Jiu-jitsu em luto: morre Caloquinha, visionário do esporte, aos 44 anos
O jiu-jitsu brasileiro amanheceu mais triste nesta quinta-feira, 25 de dezembro, dia de Natal. Faleceu em Belo Horizonte, aos 44 anos, Cláudio de Mattos Cardoso, o Caloquinha. Lutador, empresário e uma das mentes mais visionárias da modalidade, ele estava internado no Hospital Vila da Serra, onde travava uma dura batalha contra o câncer.
Muito além dos resultados nos tatames, Caloquinha construiu um legado que mudou o cenário do jiu-jitsu em Minas Gerais. Atleta da Gracie Barra BH, ele foi Campeão Brasileiro pela CBJJ, medalhista de prata no World Pro de Abu Dhabi e discípulo direto do mestre Vinicius Draculino.

Um legado que vai além da luta
Em 2022, Caloquinha fundou o BJJ Storm, evento que rapidamente se consolidou como uma das principais competições do país. Com uma proposta inovadora e alto nível de organização, o BJJ Storm elevou o padrão de profissionalismo no jiu-jitsu mineiro e passou a ser referência nacional.
Ele também atuou como treinador no reality show do BJJ Stars, uma das maiores vitrines da modalidade no Brasil, ajudando a formar e projetar novos talentos.

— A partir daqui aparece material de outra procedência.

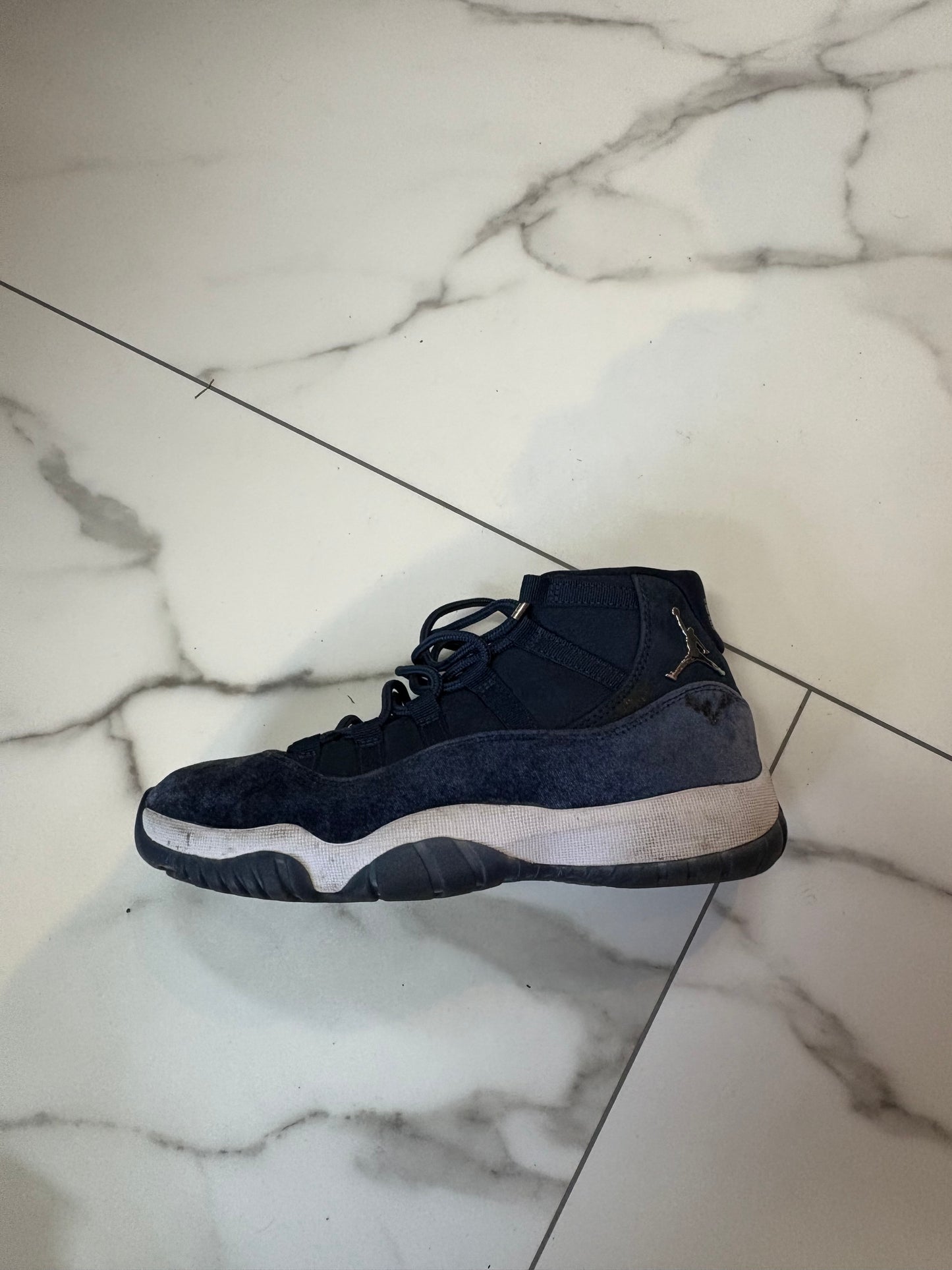 Jordan 11 navy blue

Comoção no mundo da arte suave
A morte precoce de Caloquinha gerou uma forte onda de comoção entre atletas, professores, alunos e fãs. Um dos primeiros a se manifestar foi o pentacampeão mundial da IBJJF e campeão do ADCC, Rômulo Barral, que publicou uma emocionante homenagem nas redes sociais.
“Nunca pararás. Amor eterno. Saudade. Até o reencontro, meu irmãozinho. Você foi uma das melhores pessoas que conheci na minha vida. Descanse em paz”, escreveu.

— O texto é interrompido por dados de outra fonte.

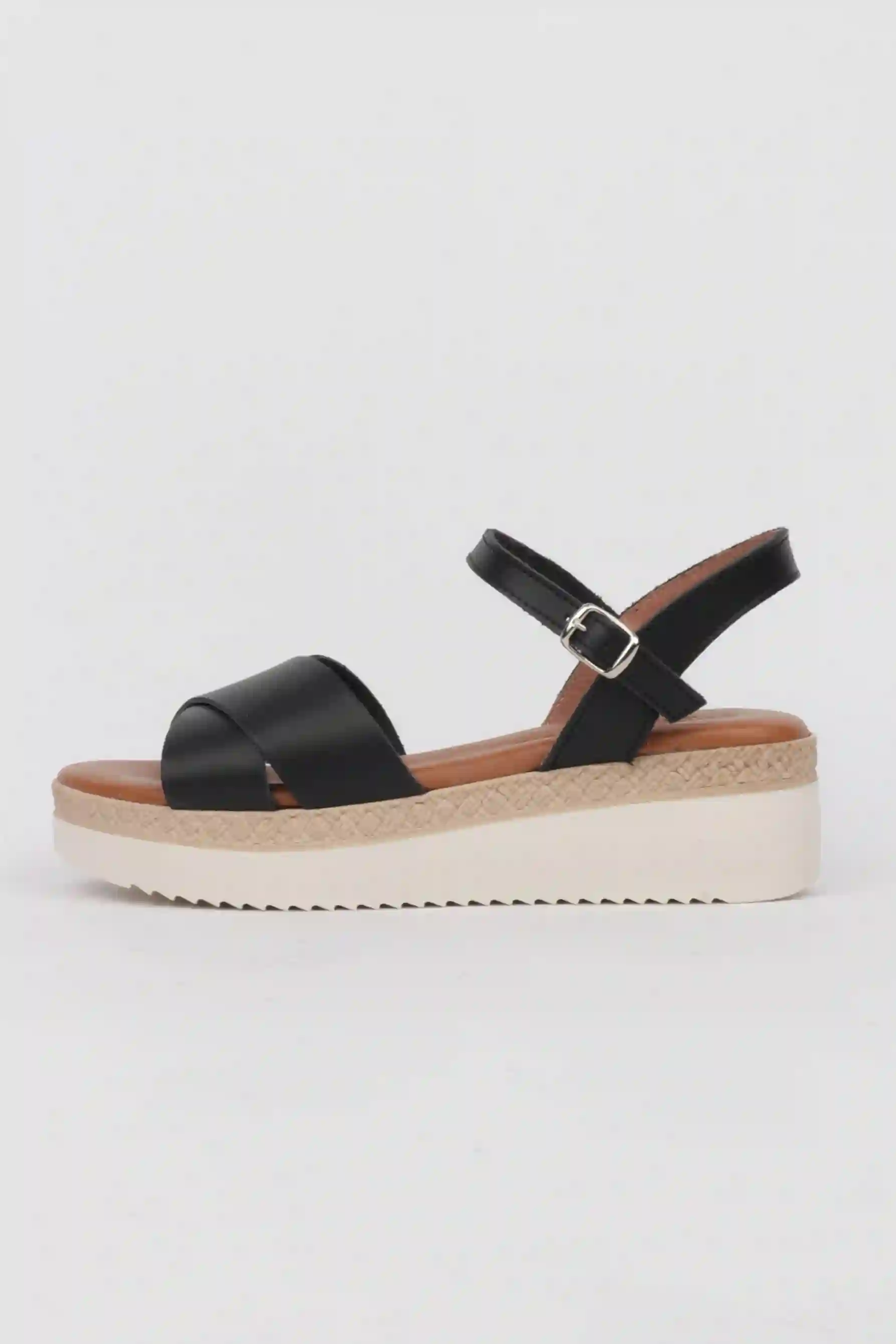 Sandalias negras platlaforma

Já Draculino divulgou uma carta aberta de despedida, exaltando a postura e a integridade do discípulo.
“Você parte agora depois de ter feito o que sempre fez: lutando para frente, com raça. A Gracie Barra BH hoje perde um de seus maiores heróis e pilares”, declarou o mestre.
O multicampeão mundial Felipe Preguiça também prestou homenagem, destacando o lado humano de Caloquinha.

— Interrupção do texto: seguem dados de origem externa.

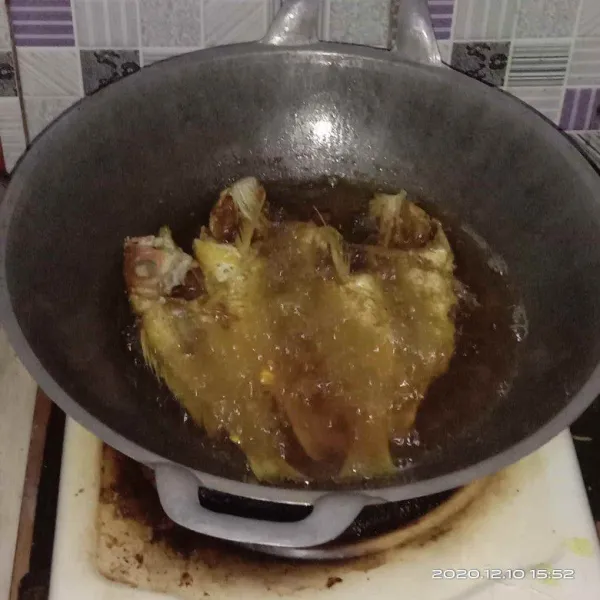 goreng ikan dalam minyak panas hingga panas.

Sempre admirei em você a sua verdade, algo cada vez mais raro no mundo de hoje. Um coração gigante, muitos projetos, ações sociais e uma vontade genuína de ajudar o próximo.
Caloquinha se despede cedo demais, mas deixa uma marca eterna no jiu-jitsu. Nos tatames, nos bastidores e, principalmente, na vida das pessoas que tiveram o privilégio de caminhar ao seu lado. O esporte perde um líder. A arte suave perde um guerreiro.